Growing up, I don’t ever recall eating leeks and really didn’t know what to do with them until relatively recently. They’re part of the onion family and have a more mild flavor.

They’re also really low calorie, which balances out the potatoes in this recipe, and they’re high in antioxidants, Vitamin K and flavonoids.

This recipe is super healthy and tastes amazing if you like rich, creamy soups. The best part is that it doesn’t have any cream or butter in it.

I find soups to be a bit like stir fries in that you can play with them somewhat, depending on the ingredients you have in the fridge. This particular recipe came out really well, though I do believe that the homemade stock is a big part of the amazing flavor.

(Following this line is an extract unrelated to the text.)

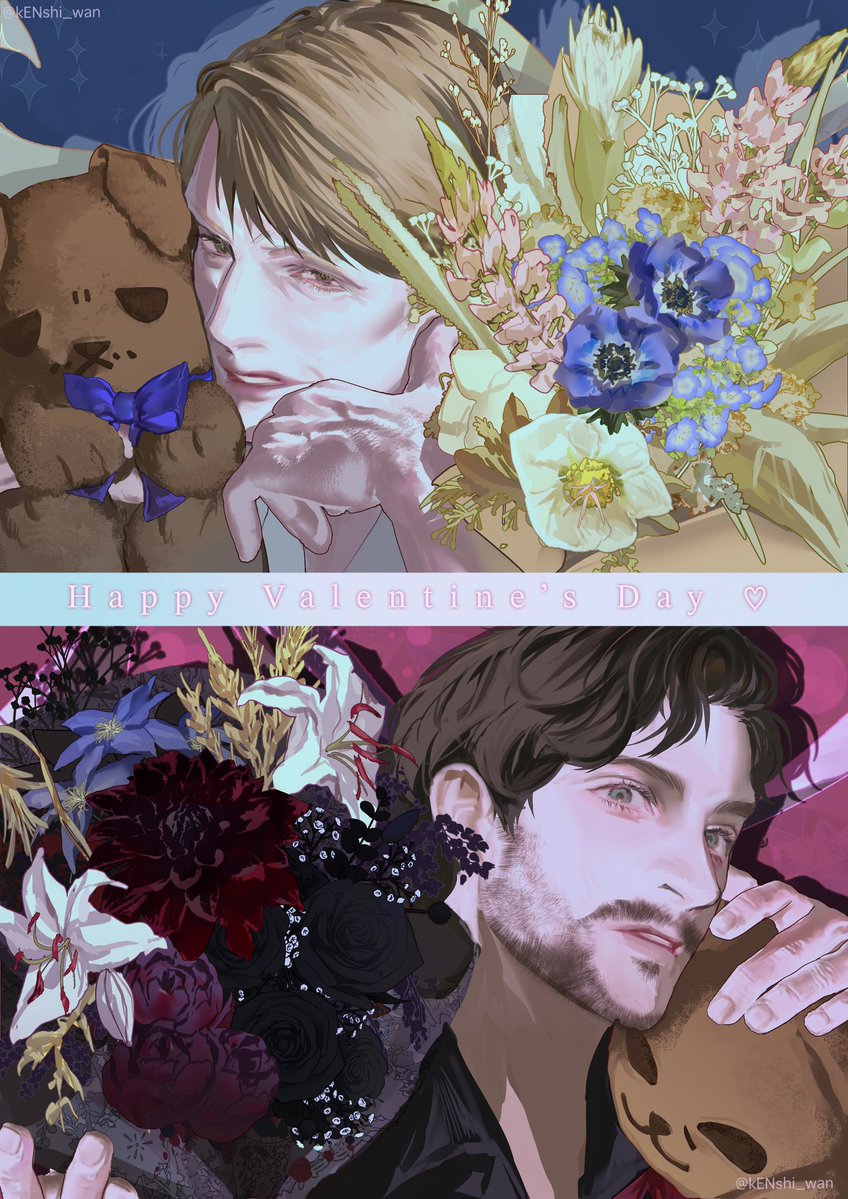 バレンタイン再掲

If you’ve never made your own stock or think of it as something difficult, please check out these two recipes (free vegetable stock, homemade chicken stock).

These stocks are much easier (and less expensive) than you might think and taste so much better than anything in the supermarket.

Ingredients: (4 servings)

1 TBSP olive oil
3 medium leeks, sliced and rinsed (only the white part, the green part can go into your next vegetable stock)
4 cloves of garlic, chopped
1 stalk of celery, chopped (or approximately 1/4 cup of celeriac, peeled and chopped, we get a lot of this in our farm share and it substitutes well anywhere you use celery)
1 large carrot, skin on, sliced into thin rounds
4 medium potatoes, washed with skin left on and diced into approximately 1” pieces (about 4 cups of potato)
4 cups of chicken or vegetable stock
salt and pepper to taste

Directions:

  1. Set the instant pot to saute and add the olive oil, leeks, garlic and celery.

  2. Saute for 2 - 3 minutes or until the vegetables start to soften. If the instant pot starts to get to hot (your vegetables are sticking to the bottom of the pot or are at risk of buring) cancel the saute setting and cover the pot for a couple more minutes to allow the veg to soften further without burning.

  3. Add the carrot, potato and chicken stock and stir all ingredients well.

  4. Cover the pot and set to pressure cook high for 10 minutes. Make sure the pressure knob is in the closed position.

  5. When the pot timer goes off, cover the pressure release knob with a dish towel and release the pressure by turning the knob.

  6. Carefully transfer the hot soup into a blender and blend for approximately 10 seconds or to desired consistency.

That’s it. Enjoy on its own or with a big green salad.

Either way you have a healthy, delicious, low calorie, gluten-free, dairy-free, sugar-free meal.

Stove Top Directions:

Follow the same directions above but saute the vegetables over medium low heat until soft. Add the rest of the ingredients and bring the soup to a boil, then lower heat to medium (gentle boil) for 20 minutes or until the potatoes, carrots and celery are soft. Transfer to the blender as above and enjoy.